Nate Silver’s Value Added and Systematic Forecast Errors

Nate Silver had a very good night on November 6th.  He forecast that President Obama would win 313 electoral votes and was within 5.7% of the 332 electoral votes received by the President.  He proved to be more accurate than many individual pollsters.  Silver bases his projections on state poll averages, national polls, “state fundamentals” and trends in polls.  Anyone could have forecast the election outcome in at least 35 states, so the best way to understand Silver’s contribution is to focus on states where the election was expected to be close.  Both state poll averages and Silver’s projections underestimated President Obama’s strength in swing states, but Silver’s 538 model had substantially less systematic bias than state poll averages.

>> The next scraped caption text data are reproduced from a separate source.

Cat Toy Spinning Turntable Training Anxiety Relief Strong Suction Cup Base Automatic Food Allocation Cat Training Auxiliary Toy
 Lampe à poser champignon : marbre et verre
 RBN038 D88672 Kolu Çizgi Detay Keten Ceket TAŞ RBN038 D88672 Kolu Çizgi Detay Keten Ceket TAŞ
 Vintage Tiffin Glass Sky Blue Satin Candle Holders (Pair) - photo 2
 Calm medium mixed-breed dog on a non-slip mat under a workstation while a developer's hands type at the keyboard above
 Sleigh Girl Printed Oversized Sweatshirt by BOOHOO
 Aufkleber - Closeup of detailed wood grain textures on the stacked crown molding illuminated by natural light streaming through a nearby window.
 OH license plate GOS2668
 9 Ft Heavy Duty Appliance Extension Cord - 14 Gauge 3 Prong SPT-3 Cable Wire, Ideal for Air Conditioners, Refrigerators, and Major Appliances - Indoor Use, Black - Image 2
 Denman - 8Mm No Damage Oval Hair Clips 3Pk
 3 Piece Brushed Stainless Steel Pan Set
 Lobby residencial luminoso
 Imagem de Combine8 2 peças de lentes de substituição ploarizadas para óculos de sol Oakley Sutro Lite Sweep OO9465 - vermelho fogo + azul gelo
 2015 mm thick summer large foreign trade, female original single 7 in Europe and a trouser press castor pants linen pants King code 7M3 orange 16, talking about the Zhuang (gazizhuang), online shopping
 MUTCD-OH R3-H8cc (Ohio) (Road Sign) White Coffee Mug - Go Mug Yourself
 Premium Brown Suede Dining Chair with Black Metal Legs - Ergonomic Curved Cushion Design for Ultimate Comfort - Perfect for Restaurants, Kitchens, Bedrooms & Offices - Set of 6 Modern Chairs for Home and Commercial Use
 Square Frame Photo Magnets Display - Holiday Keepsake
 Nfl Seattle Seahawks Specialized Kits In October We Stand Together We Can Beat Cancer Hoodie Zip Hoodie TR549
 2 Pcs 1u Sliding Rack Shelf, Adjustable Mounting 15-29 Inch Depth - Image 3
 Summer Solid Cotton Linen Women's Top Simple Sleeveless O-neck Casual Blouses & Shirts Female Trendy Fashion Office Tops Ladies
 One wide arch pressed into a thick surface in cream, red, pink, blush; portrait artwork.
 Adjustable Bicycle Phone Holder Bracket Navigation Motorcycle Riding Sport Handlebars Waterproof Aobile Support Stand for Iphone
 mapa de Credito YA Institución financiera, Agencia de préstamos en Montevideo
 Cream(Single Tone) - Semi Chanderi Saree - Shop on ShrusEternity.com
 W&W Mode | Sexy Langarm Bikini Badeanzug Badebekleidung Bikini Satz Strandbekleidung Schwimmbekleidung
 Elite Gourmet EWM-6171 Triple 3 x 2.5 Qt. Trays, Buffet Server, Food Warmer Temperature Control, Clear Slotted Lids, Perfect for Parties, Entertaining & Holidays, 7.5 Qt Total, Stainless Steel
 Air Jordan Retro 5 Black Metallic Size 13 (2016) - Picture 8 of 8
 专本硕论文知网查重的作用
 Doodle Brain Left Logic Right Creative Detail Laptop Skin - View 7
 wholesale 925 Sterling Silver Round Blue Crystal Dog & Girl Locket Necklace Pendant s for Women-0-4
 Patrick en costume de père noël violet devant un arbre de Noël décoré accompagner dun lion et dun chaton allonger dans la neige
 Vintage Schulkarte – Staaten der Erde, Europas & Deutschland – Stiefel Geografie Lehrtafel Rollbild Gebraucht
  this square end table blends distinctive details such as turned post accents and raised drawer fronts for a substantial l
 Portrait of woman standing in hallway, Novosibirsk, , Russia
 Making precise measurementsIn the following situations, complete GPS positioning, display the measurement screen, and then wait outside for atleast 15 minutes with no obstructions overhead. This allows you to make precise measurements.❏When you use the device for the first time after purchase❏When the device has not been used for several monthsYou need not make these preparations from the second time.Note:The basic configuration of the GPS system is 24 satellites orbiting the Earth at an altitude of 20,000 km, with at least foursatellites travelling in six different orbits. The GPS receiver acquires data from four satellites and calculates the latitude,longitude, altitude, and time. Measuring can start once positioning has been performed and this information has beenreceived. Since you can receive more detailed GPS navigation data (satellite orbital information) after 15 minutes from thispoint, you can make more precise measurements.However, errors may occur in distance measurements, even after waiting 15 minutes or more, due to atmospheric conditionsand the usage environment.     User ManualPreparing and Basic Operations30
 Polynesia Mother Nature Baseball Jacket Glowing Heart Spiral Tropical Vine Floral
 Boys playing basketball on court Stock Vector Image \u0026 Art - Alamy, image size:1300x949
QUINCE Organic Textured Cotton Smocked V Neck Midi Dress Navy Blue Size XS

Nate Silver has brought statistical analysis of elections to the masses (or at least to the readers of the New York Times).  His blog makes it clear that when an average of polls prior to the election shows a candidate has a 55-45 advantage, it doesn’t mean that she will lose 45% of the time.  It means instead that she will almost certainly win the election.  Poll averages improve the precision of forecasts because errors due to sampling variation are decreased.  More importantly, the 538 model incorporates “state fundamentals” and poll trends to improve the precision of  forecasts. 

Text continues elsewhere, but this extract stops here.